2017: Canadian Screen Awards; Best Performance in an Animated Program or Series; The Curse of Clara: A Holiday Tale; Nominated
2018: Young Artist Awards; Best Performance in a Voice-Acting Role - Young Artist; The Breadwinner; Nominated
Best Performance in a TV Series - Supporting Young Actress: Dino Dana; Nominated
Behind the Voice Actors Awards: Best Female Lead Vocal Performance in a Feature Film; The Breadwinner; Won
Annie Awards: Outstanding Voice Acting in a Feature Production; Nominated
Alliance of Women Film Journalists: Best Animated Female; Won
ACTRA Awards: Outstanding Performance - Voice; Won
2019: Canadian Screen Awards; Best Performance in a Children's or Youth Program or Series; Dino Dana; Nominated
Youth Media Alliance: Outstanding Youth Performer; Nominated
2020: Canadian Screen Awards; Best Performance in a Children's or Youth Program or Series; Won
Holly Hobbie: Nominated

== Personal life ==
She is of Indian descent.
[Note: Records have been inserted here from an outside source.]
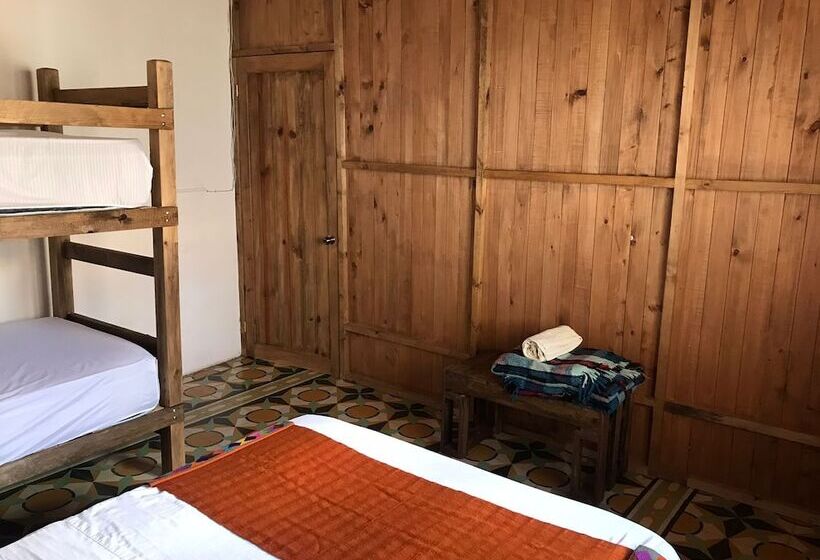 هاستل Villa Coleta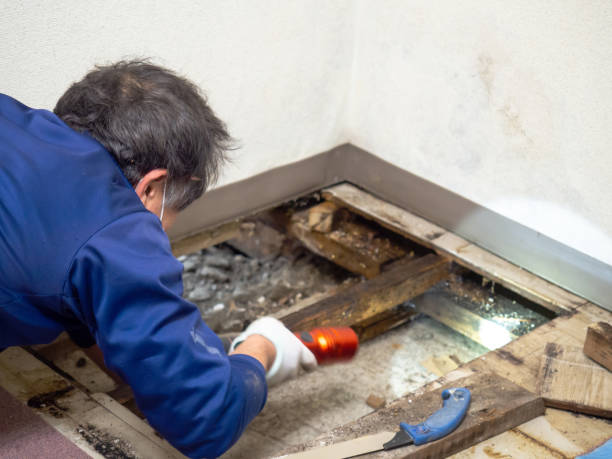 Best Emergency Mold Removal  in Canton Valley, CT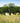 American Elm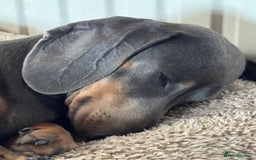 Miniature Dachshund dogs for sale: Adorable KC Reg smooth coated mini Dachshunds - Image 1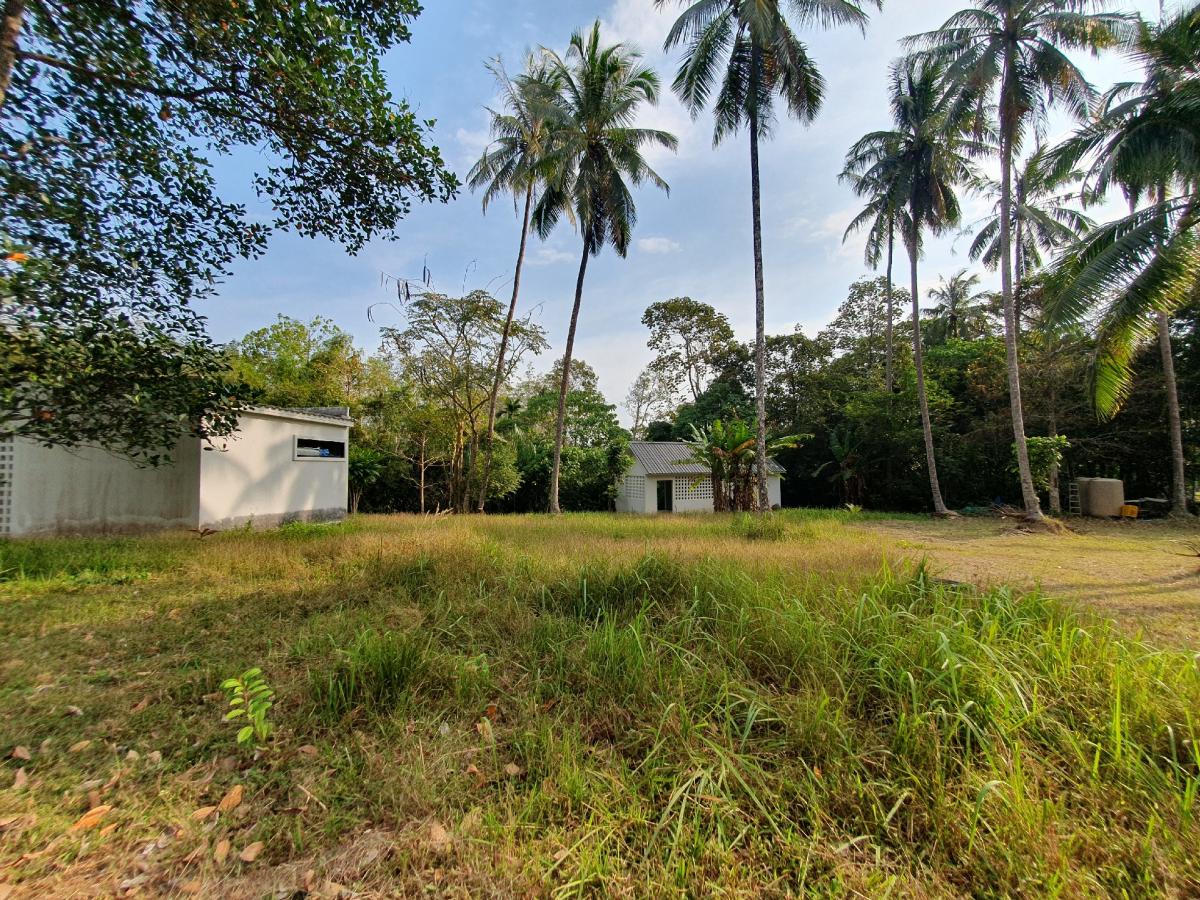 ขายที่ดินระนอง : 🚩🏡ขายที่ดินทำเลทอง อ.กะเปอร์ จ.ระนอง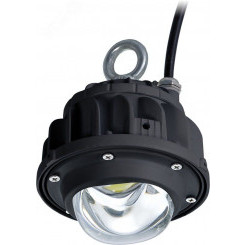Светильник ACORN LED 30 D120 5000K Ex Светильник ACORN LED 30 D120 5000K Ex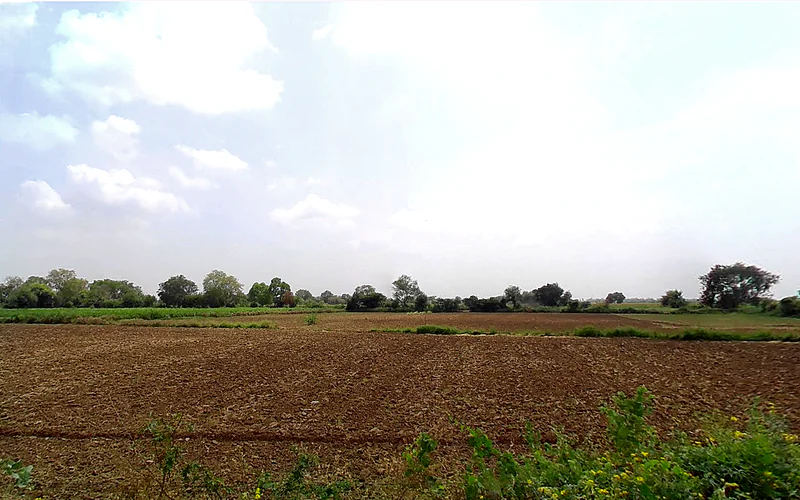 Charkhi Dadri, Haryana 127306, India preview 2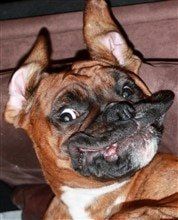 boxer-dog-expression-serious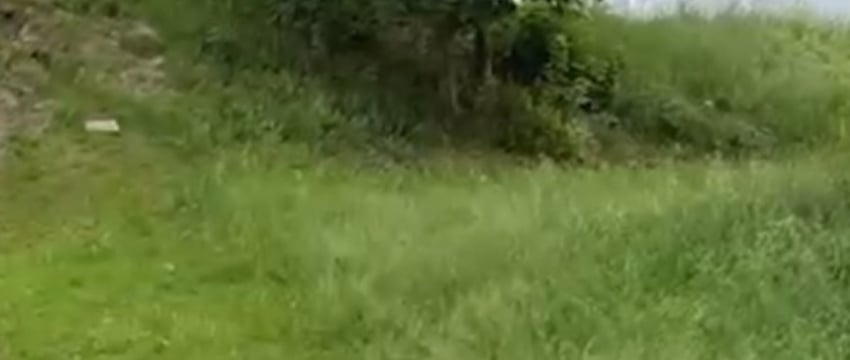 Возвращалась ночью от подруги, но домой не дошла. Убийц белоруски нашли спустя 24 года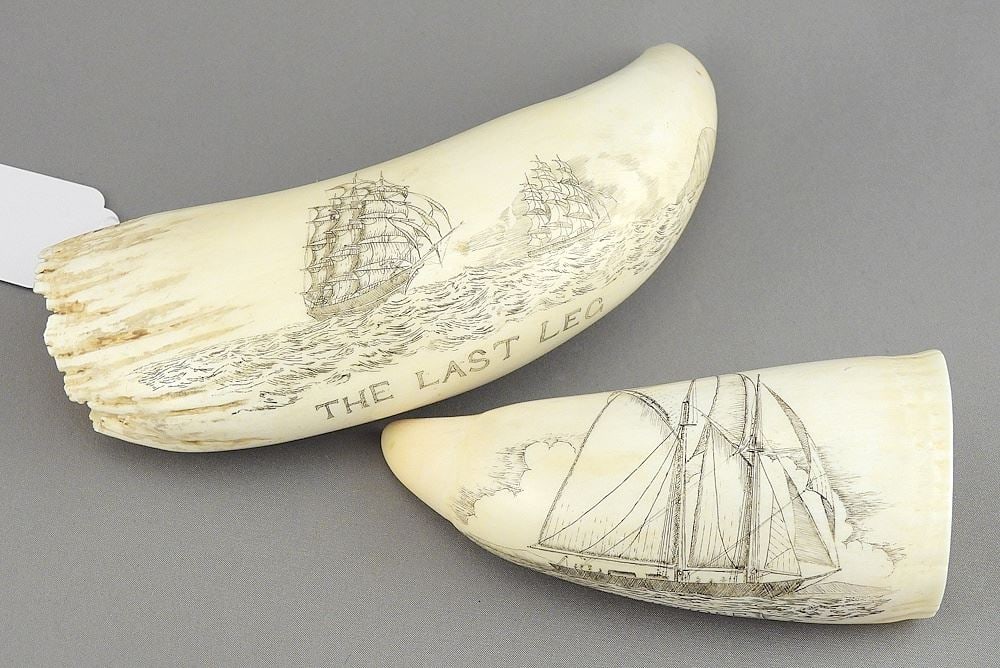 Two Scrimshaw Teeth Monogrammed JFC 1987, "The Last Leg" & "Bluenose", 6 1/4 & 4 3/8"L, 485g. (1 of 7)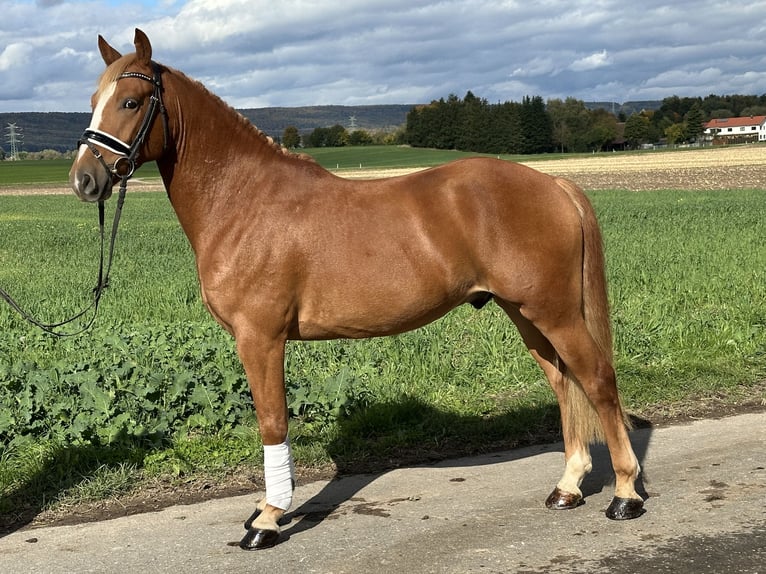 German Riding Pony Mix Gelding 4 years 14,3 hh Chestnut-Red in Riedlingen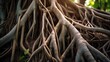 close up of tree roots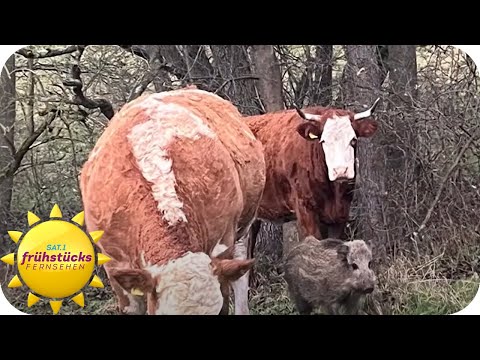 Schweinisches Adoptivkind - eine Gruppe Kühe adoptieren ein Wildschwein | SAT.1 Frühstücksfernsehen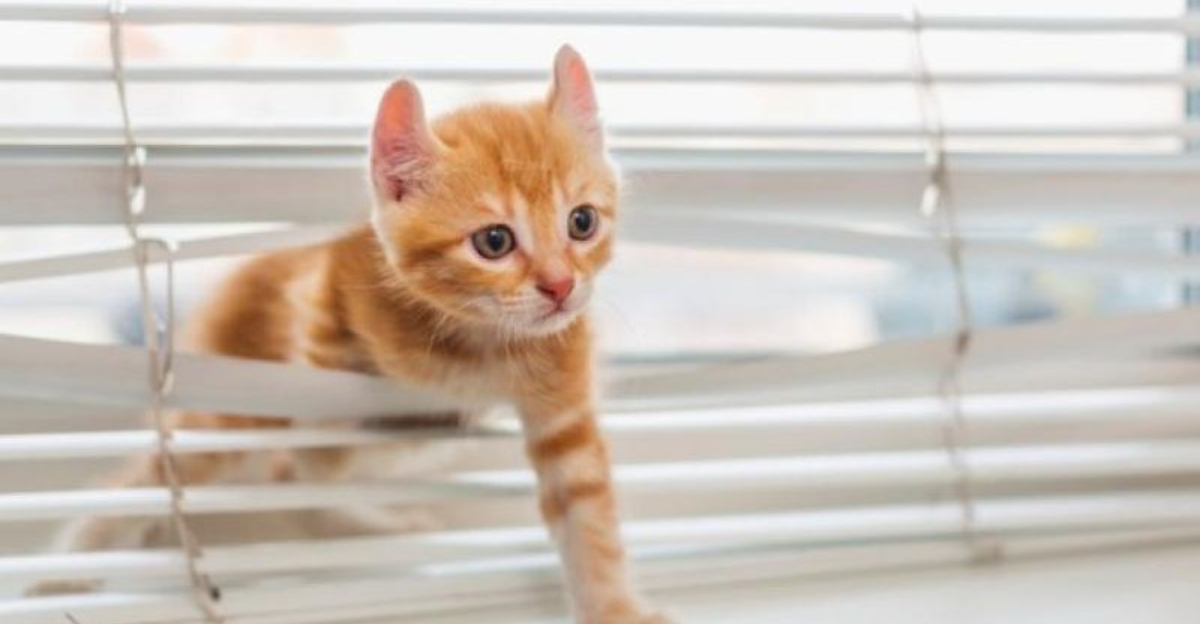 14 Essential Must Dos For Every New Kitten Owner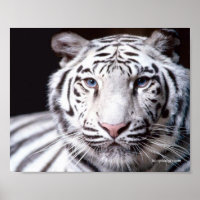 Witte Bengaalse Tijger Fotografie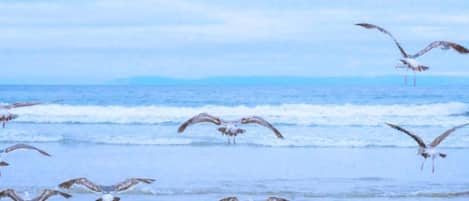 Apartment | View from property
Her mother is South African. She was accepted into Harvard University. It is potentially possible that she is pursuing a Bachelor of Arts (A.B.) in Art, Film, and Visual Studies (AFVS) at Harvard College. In 2021, Saara won the Interpretive Reading category at WIDPSC, a prestigious public speaking and debating competition.